Es ist klar, daß all die kleinen Produktionen, losgelöst vom Weltmarkt, daß die gesamten Aktivitäten, die sich auf den besonderen lokalen Gegebenheiten begründen, eine Sichtweise hervorrufen, die total falsch ist. Deren Vertreter sind zu der Behauptung gekommen, daß, da die Fabrik vor ihrer Werkstatt oder ihrem Büro schließt, die Arbeiter im Begriff seien, zu verschwinden. Oder, da in ihrer Provinzstadt keine neuen Fabriken aufmachen, die Arbeiter der Vergangenheit angehörten, und nicht der Zukunft.

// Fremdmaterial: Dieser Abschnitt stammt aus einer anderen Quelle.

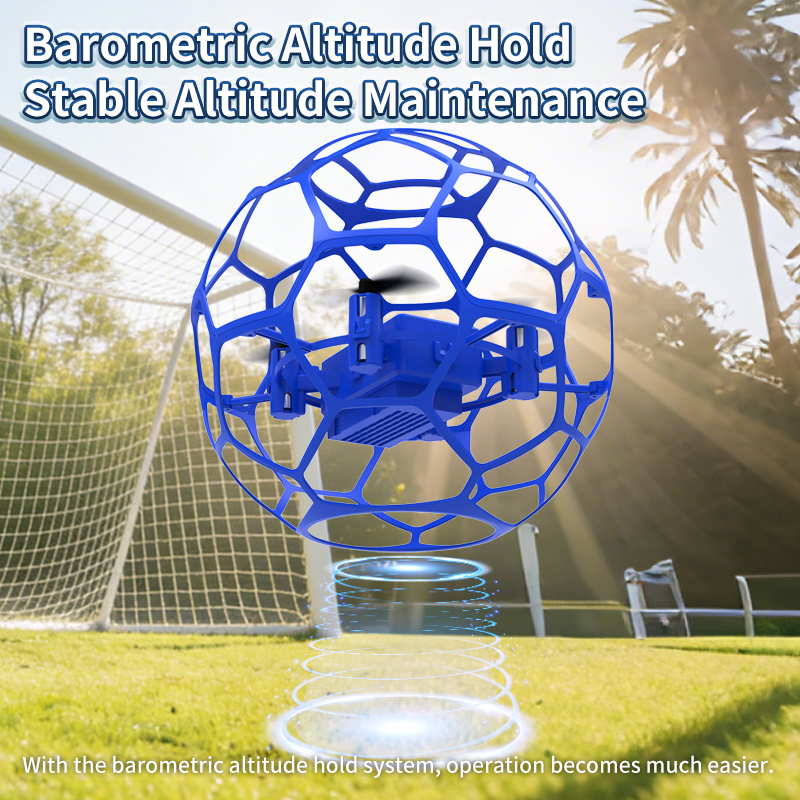 K26 MINI Air Soccer Competitiv - Drone Camera Case reseña y precio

Die Beharrlichkeit, mit der die mittleren Klassen, die Arbeiter dem verschwinden anheim gegeben haben, ist nur ein mentaler Reflex auf ein wirtschaftliches Bedürfnis: die eigenen Interessen stärker mit dem Kapital zu verknüpfen, in Anbetracht dessen, daß das Industrieproletariat unfähig war, in dem Moment, in dem sich die Krise entwickelte, irgendjemandem, nicht einmal sich selbst, eine Lösung des Verarmungsprozesses, der sich zu formieren begann, zu garantieren.

Das Proletariat macht verschiedene Entwicklungsstufen durch - es transformiert sich in derselben Weise, in der das Kapital sein Produktions- und Tauschsystem revolutioniert.

Eine spezielle Form des Proletariates, gebildet durch einen bestimmten Typ Maschinenwerk, der seinerseits einem bestimmten technologischen Niveau entspricht, entwickelt sich in dem Maße, in dem sich die materiellen Elemente der Produktion verändern.

Die ökonomische Krise ist der Moment, in dem sich die Transformationen der Produktionsmethoden und der sozialen Beziehungen beschleunigen.

Das gilt vor allem für das Proletariat, bloßer Anhang eines Maschinenwerks, das in Bewegung gesetzt wird für den einzigen Zweck, Profit für den Eigentümer des Werks zu produzieren.

Generationen von Arbeitern beugen sich, um anderen Generationen Platz zu machen. Mit diesen geraten auch die früheren ideologischen und politischen Überzeugungen in die Krise. Das Proletariat ist eine im Kampf befindliche Klasse, es kann sich auf keine geläufige, traditionelle Idee verlassen, es kann sich kein vorgefertigtes Urteil ausborgen, die dominanten Ideen sind die der dominanten Klassen.

Die Konstituierung der Arbeiter als Klasse verläuft ebenso in unterschiedlichen Phasen, wobei eine nie für alle anderen Phasen stehen kann.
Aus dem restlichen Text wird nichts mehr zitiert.